YOUR ASSIGNMENT —
The line with "Control Unit 10" marks the first line to copy, and the line with "propranolol side effects libido" marks the last. Transcribe that stretch of the data below exactly, without pictures.

MATERIAL FOR THIS EXERCISE —
.....

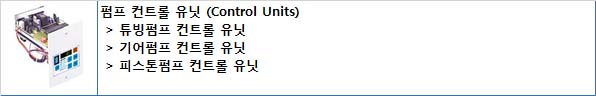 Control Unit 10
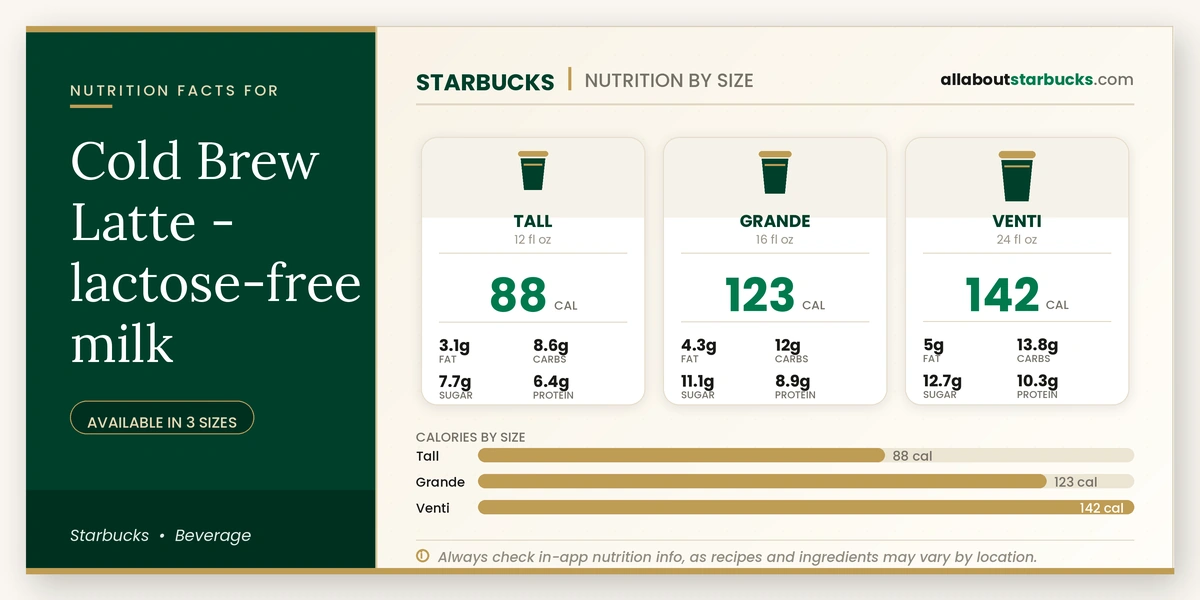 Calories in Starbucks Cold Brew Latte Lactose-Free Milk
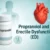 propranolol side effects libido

.....

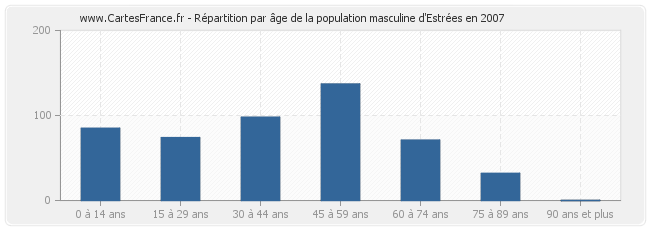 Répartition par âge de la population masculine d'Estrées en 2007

.....

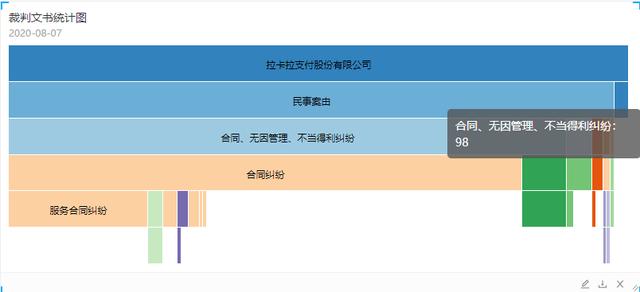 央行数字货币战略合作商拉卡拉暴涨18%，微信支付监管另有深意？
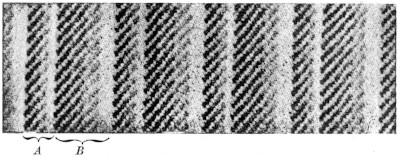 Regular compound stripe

.....

YOUR RESPONSE —
 Control Unit 10
 Calories in Starbucks Cold Brew Latte Lactose-Free Milk
 propranolol side effects libido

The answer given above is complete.